(DATA)

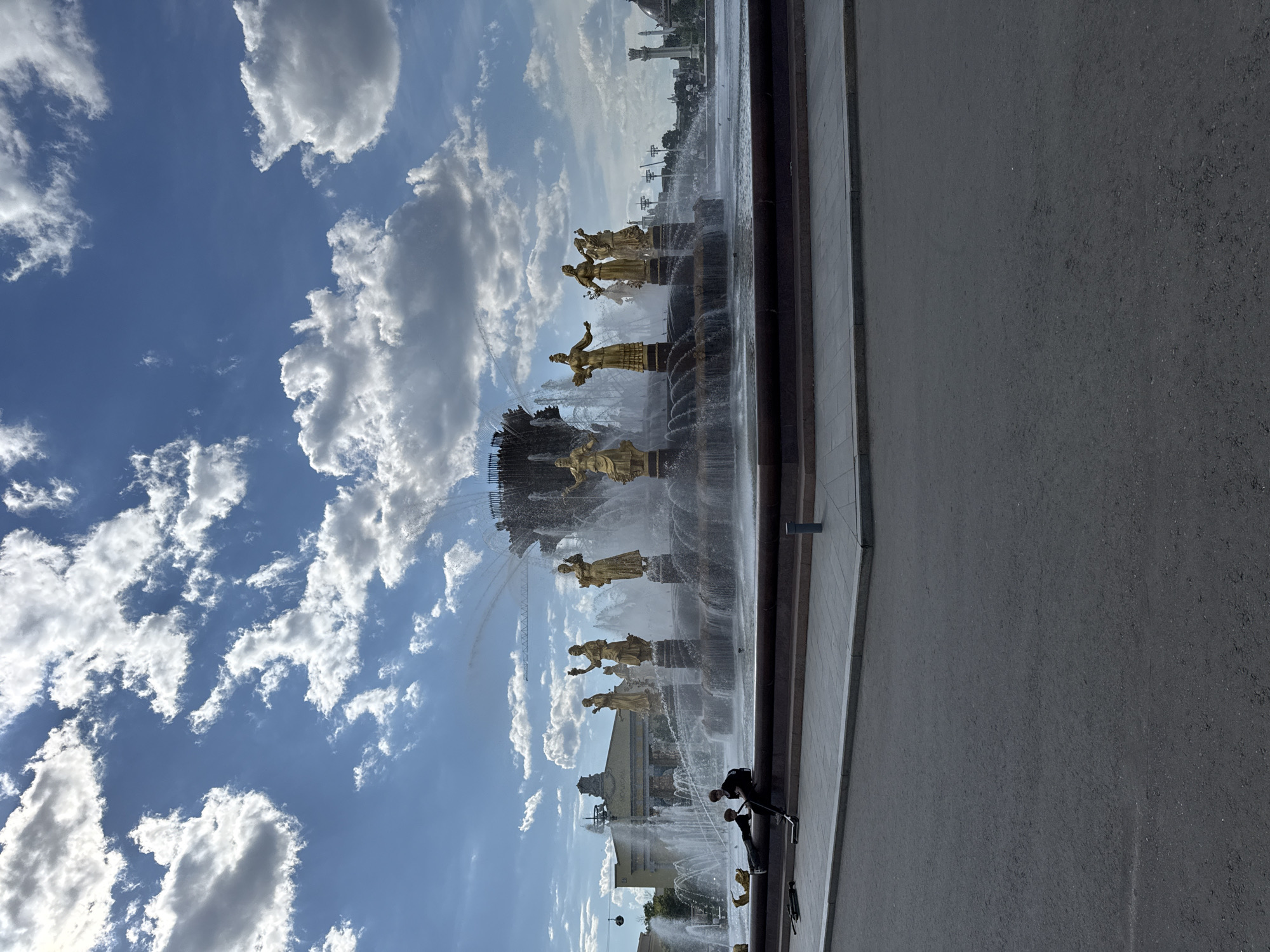A grand, multi-tiered fountain, adorned with numerous golden statues, dominates the central and left portions of the image. The statues depict female figures in various poses, some holding sheaves of wheat or other symbolic items, and are arranged around a central column within the fountain's basin. Water actively sprays from multiple jets, creating a vibrant display of mist and flowing water around the intricate golden sculptures.
Above the fountain, a clear, bright blue sky is visible, scattered with large, fluffy white cumulus clouds. In the distant background, behind the fountain, faint architectural elements of a large building or pavilion can be seen, characterized by light-colored facades and a prominent dome.
The right side and foreground of the image feature a wide expanse of dark, textured pavement, likely asphalt, suggesting a broad walkway or plaza alongside the fountain. In the lower left foreground, a few dark figures are visible; one appears to be a person operating a camera or video equipment on a tripod, indicating someone is filming or photographing the scene.
The scene is bathed in bright daylight, suggesting a sunny day, likely midday or early afternoon. This iconic fountain, with its distinctive golden figures and surrounding architecture, is identifiable as the Friendship of Peoples Fountain at VDNKh in Moscow, Russia. No visible text is discernible in the image.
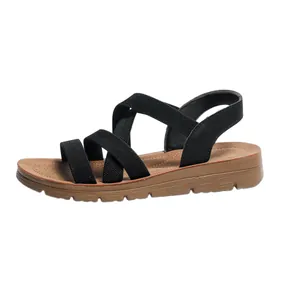 Detailed side profile of women's flat Roman sandals with black elastic cross strap design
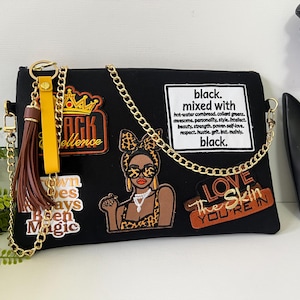 May include: Black clutch with gold chain strap and tassel. Features patches with text and illustrations, including "Black Excellence," a woman in sunglasses, and "Love The Skin You're In."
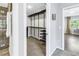 Walk-in closet with custom shelving and rods, providing organized storage space adjacent to ensuite at 610 Cordova Ne Blvd, St Petersburg, FL 33704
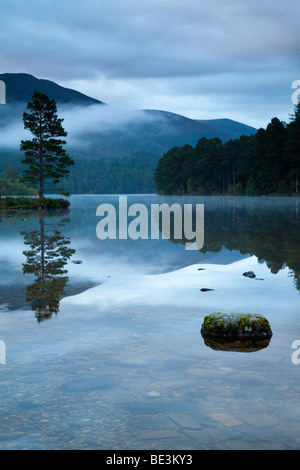 Loch an Eilein in the Scottish Cairngorm Mountains part of the Rothiemurchus Estate and Rothiemurchus Forest, Aviemore Stock Photo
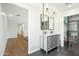 Bathroom showcasing a double sink vanity, glass shower, and black tile floors at 2316 N Mitchell St, Phoenix, AZ 85006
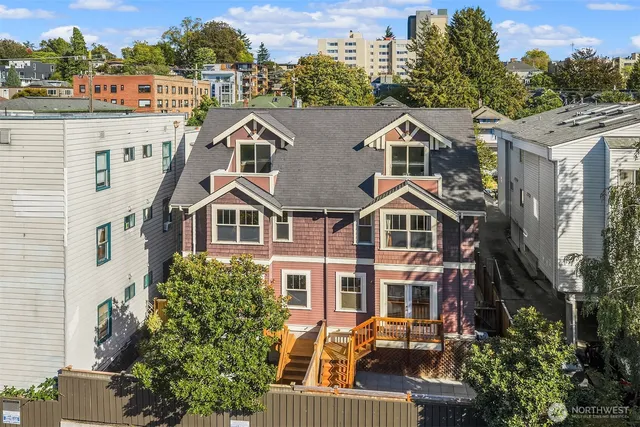 a aerial view of a house with a yard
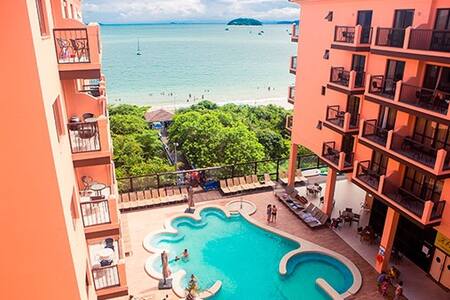 Suíte luxo 5 pessoas- pé na areia em Jurerê intern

(End DATA)

■ DIRECTIONS ■
Copy exactly the lines of the entries above from the one containing "The right side" through the one containing "May include: Black". Both end lines count; pictures do not.

■ TASK RESULT ■
The right side and foreground of the image feature a wide expanse of dark, textured pavement, likely asphalt, suggesting a broad walkway or plaza alongside the fountain. In the lower left foreground, a few dark figures are visible; one appears to be a person operating a camera or video equipment on a tripod, indicating someone is filming or photographing the scene.
The scene is bathed in bright daylight, suggesting a sunny day, likely midday or early afternoon. This iconic fountain, with its distinctive golden figures and surrounding architecture, is identifiable as the Friendship of Peoples Fountain at VDNKh in Moscow, Russia. No visible text is discernible in the image.
 Detailed side profile of women's flat Roman sandals with black elastic cross strap design
 May include: Black clutch with gold chain strap and tassel. Features patches with text and illustrations, including "Black Excellence," a woman in sunglasses, and "Love The Skin You're In."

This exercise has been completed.